Key Space Weather Secret Revealed
By Aussiegirl
I found this article on Lucianne.com, posted by Photoonist, who added this very interesting comment: How about this: what if it's not just space weather, such as the aurora, that's affected? If you've been at this site for some time or are otherwise interested in the geophysical sciences then you know that the earth's magnetic field is beginning to slowly weaken in preparation for yet another magnetic pole swap. That would mean that energetic charged particles begin to penetrate farther into the earth's atmosphere. What kind of effect would these increasing reactions have on the earth's overall weather system? algore, call your office.
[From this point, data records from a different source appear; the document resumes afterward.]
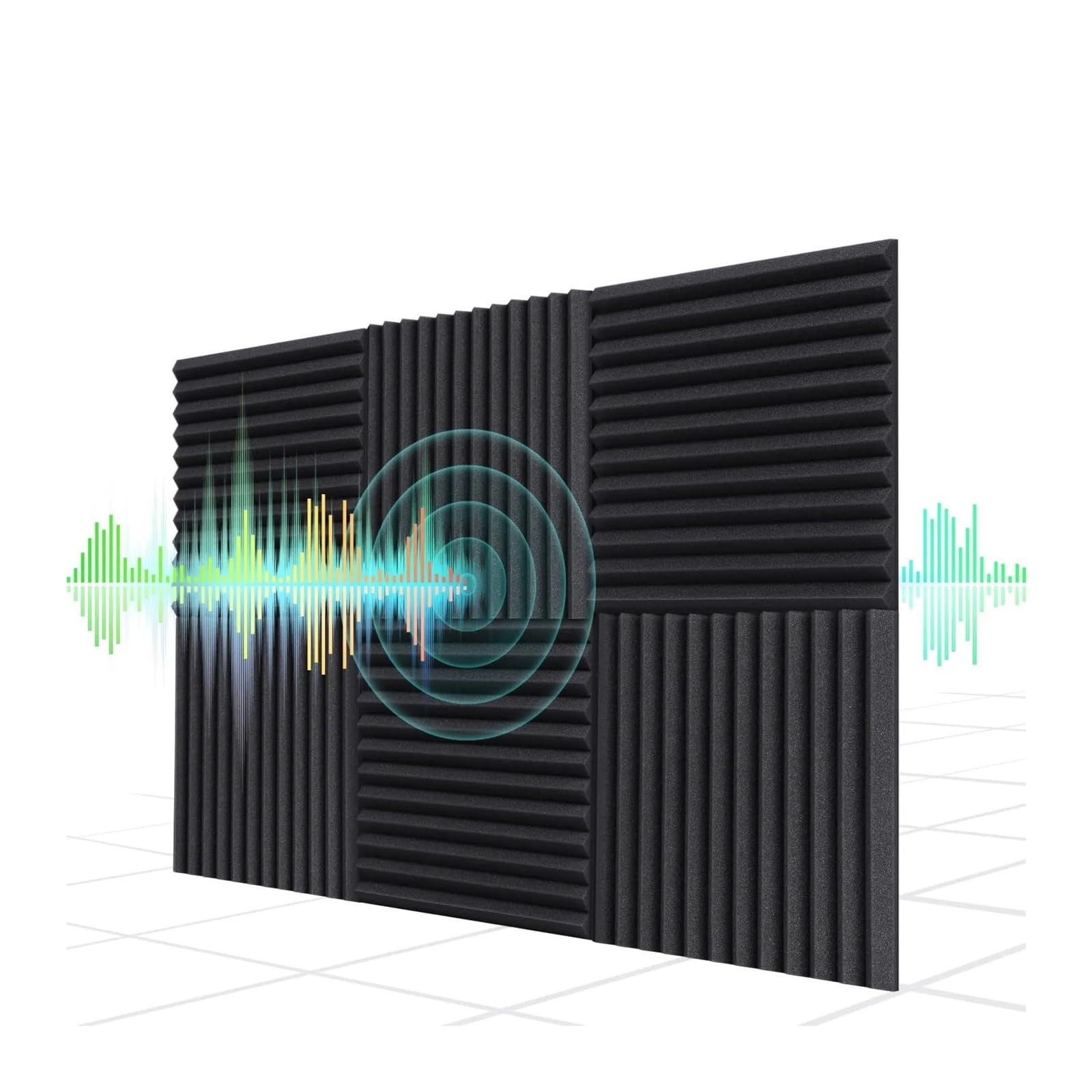 Paneles Acusticos 12Pc Acoustic Foam Sound Insulation Panels for KTV Bar Soundproofing Studio Wedges Proofing Multiple Color 300x300x25mm(Grey)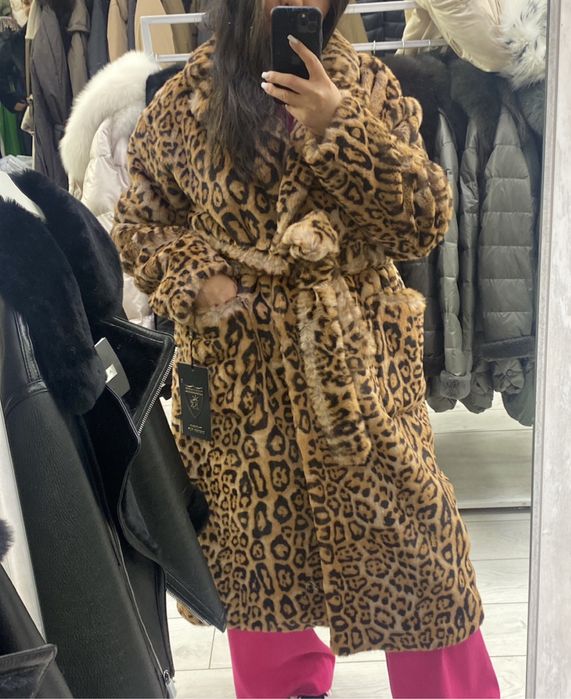 Эко шуба леопард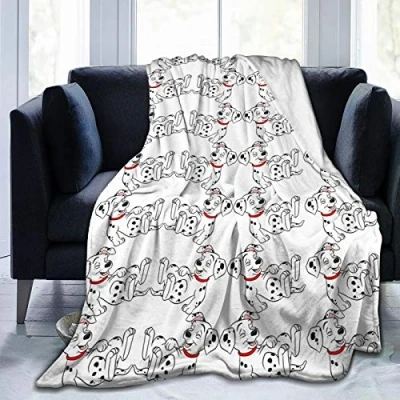 Image of COMRTL Flannel Fleece Throw Blanket Bed Cute Dalmatian Micro Warm Soft Lightweight Cozy Microfiber for Couch Sofa All Seasons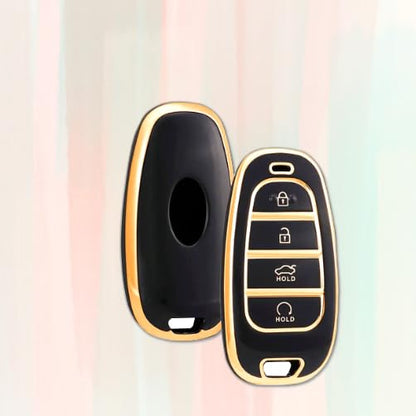 Hyundai Tucson 2022 4 Button Smart Key | Car Key Cover | Provides Protection and Style (Gold Black) - Flymaster Shop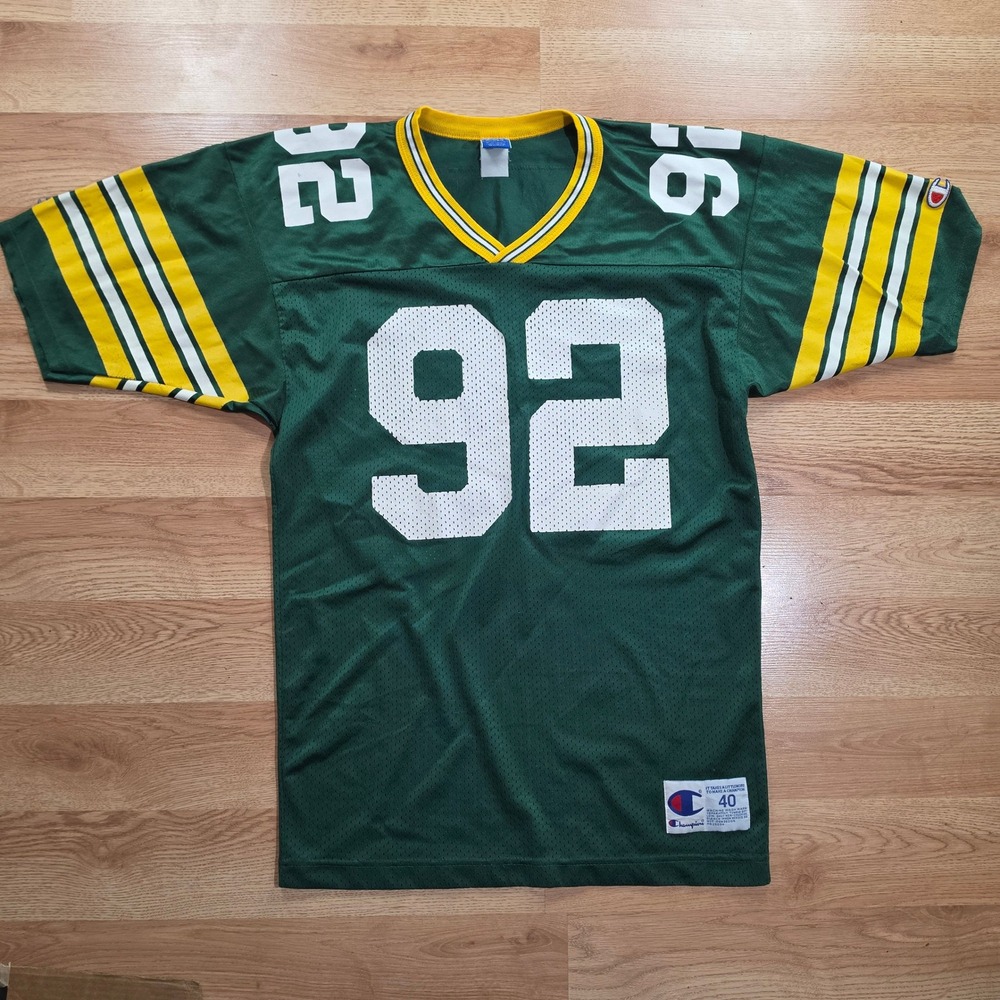 Champion Green Bay Packers Jersey Mens Medium 40 Reggie White 92 Mesh Green 90s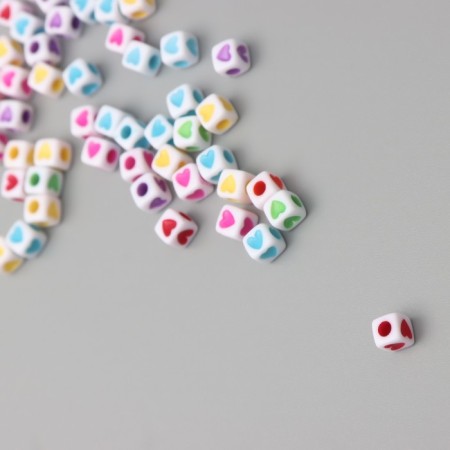 Beads for creativity plastic "Cuba Color Hearts" set 20 grams 0.4x0.4 cm-2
SPACE.com -- Key Space Weather Secret Revealed
Key Space Weather Secret Revealed
By SPACE.com Staff
Space weather on Earth has long been thought to be largely a measure of the Sun's output. But mounting research reveals it is metered more by our own planet's changing magnetic field than was known.
When the Sun hiccups as it did last week, huge blasts of radiation and matter can be flung into space. Storms arrive with a magnetic charge, plus or minus. Our own planet has a varying magnetic field.
Scientists knew that the alignment of these fields had something to do with the odds of a satellite being disabled or a colorful Northern Lights sky show ensuing.
The new study shows that the Northern Lights, also called aurora, and other space weather near Earth are driven by the rate at which the Earth’s and Sun’s magnetic fields connect, or merge, and not just by the solar wind’s electric field.
The merging occurs way out in space, at a spot between the Earth and Sun, roughly 40,000 miles above our planet’s surface. Researchers have now developed a formula that describes the merging rate of the magnetic field lines and accurately predicts 10 different types of near-Earth space weather activity, such as the aurora and magnetic disturbances.
“Having this formula is a big step forward for understanding how the Sun and Earth interact,” said study leader Patrick Newell of the Johns Hopkins University Applied Physics Laboratory (APL).
Space weather scientists had long assumed that near-Earth space weather phenomena could best be predicted by the behavior of the solar wind electric field. But Newell and his colleagues were the first to put this theory to a rigorous test with many data sets from a number of years.
They looked at NASA satellite observations of global auroral activity, NOAA satellite observations of the stretching of the Earth’s magnetic field lines on our planet's nightside, and Air Force satellite observations of the access of solar wind particles to the Earth’s upper atmosphere.
The research further disabuses the notion that space is empty. The region between Earth and the Sun is full of energetic particles, most of which are generated Sun. Temperatures of a few million degrees accelerate a stream of these particles, called the solar wind, to roughly one million mph.